Second, and more importantly, it does not work with filenames containing spaces. The for loop treats filenames with a space as two different filenames (the part before and the part after the space are seen as two different values that $i should assume). I have not found an easy escape from this; if anyone know how to tell a bash for loop to use a newline-separated list of values instead of a (white)space separated one, please tell me
all this led me to the following script:
Code:
#!/bin/bash
#use this if you want your mp3s in a new dir
#target="music_dir/wma_to_mp3"
current_directory=$( pwd )
files="$(find -iname '*.wma')" #returns a newline-separated list of files
count="$(echo "$files" | wc -l)" #number of files
for j in $(seq 1 "$count"); do
# get file nr. $j
filename=$(echo "$files" | sed -n ''$j'p')

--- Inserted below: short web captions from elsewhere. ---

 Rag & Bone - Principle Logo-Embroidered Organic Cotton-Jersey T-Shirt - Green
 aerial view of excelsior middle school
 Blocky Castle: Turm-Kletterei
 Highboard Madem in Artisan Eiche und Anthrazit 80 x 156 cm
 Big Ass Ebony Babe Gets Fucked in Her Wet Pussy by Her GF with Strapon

subdir="$(dirname "$filename" | sed -e 's_^./__')"
#set destination file
#replace ./ with "$target" if you want your mp3s in a new dir
dest=./"$subdir"/"$(basename "$filename" | tr A-Z' ' a-z_ | sed -e 's/wma$/mp3/')"

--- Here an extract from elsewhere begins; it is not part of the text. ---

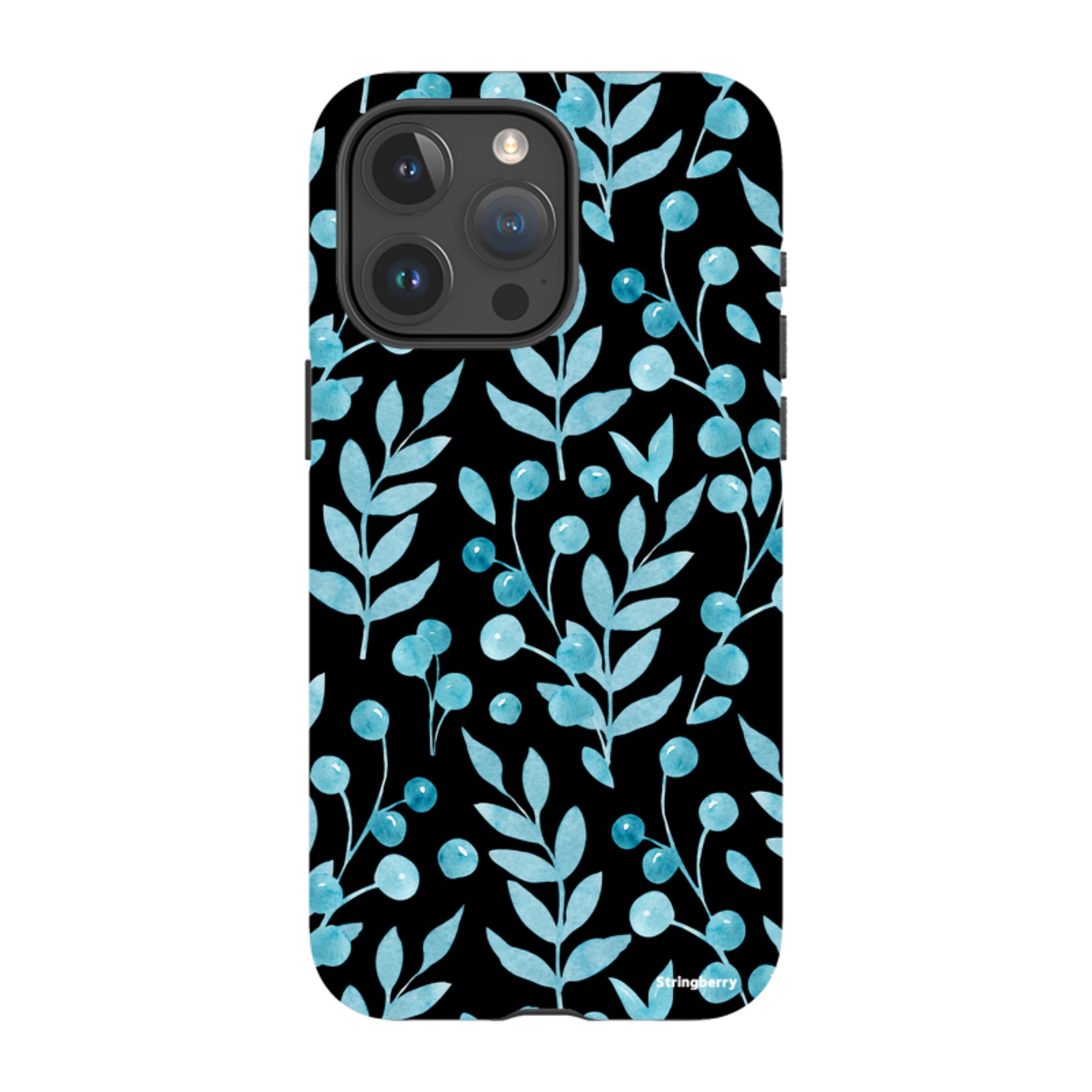 iPhone MagSafe Tough Case -  Blue Xmas Florals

#creates subdir if necessary
#(use if you replace ./ in the above line by "$target")
#if [ ! -e "$target""$subdir" ]
#then
# mkdir -p "$target""$subdir"
# echo "created directory "$target""$subdir""
#fi
#rip+encode using mplayer and lame
echo "["$j"/"$count"] ripping "$filename""
mplayer -really-quiet -vo null -vc null -af resample=44100 -ao pcm:waveheader "$filename"
echo "["$j"/"$count"] encoding "$filename" to "$dest""
lame -quiet -m s audiodump.wav -o "$dest"
done
rm audiodump.wav
feel free to remove the tr A-Z' ' a-z_ part in the dest= line; it's only there because i want my filenames to be lowercase and space-less. Make sure you handle uppercase extensions well though, if you remove it you should probably replace the sed command that follows it by
Code:
sed -e 's/[Ww][Mm][Aa]$/mp3/'
EDIT: changed the script to more graciously handle subdirectories, and use a for instead of a while loop.
This script was bombing bad on me so I tweaked it a little. Here's my rendition of the same script.
Code:
#!/bin/bash
current_directory=$( pwd )
#remove spaces
for i in *.wma; do mv "$i" `echo $i | tr ' ' '_'`; done
#remove uppercase
for i in *.[Ww][Mm][Aa]; do mv "$i" `echo $i | tr '[A-Z]' '[a-z]'`; done
#Rip with Mplayer / encode with LAME
for i in *.wma ; do
mplayer -vo null -vc dummy -af resample=44100 -ao pcm:waveheader $i && lame -m s -h -V0 --vbr-new audiodump.wav -o $i; done
#convert file names
for i in *.wma; do mv "$i" "`basename "$i" .wma`.mp3"; done
rm audiodump.wav
Ive been using the script submitted by bospaadje above and i dont believe it is running a search on any files that are more than one folder deep
eg if i run the script from /home/glope then /home/glope and /home/glope/1 or /home/glope/2 will be checked however /home/glope/1/1 will not be as its two levels deeper than the original folder the script is run from
Is this assumption correct and if so is there a way around it?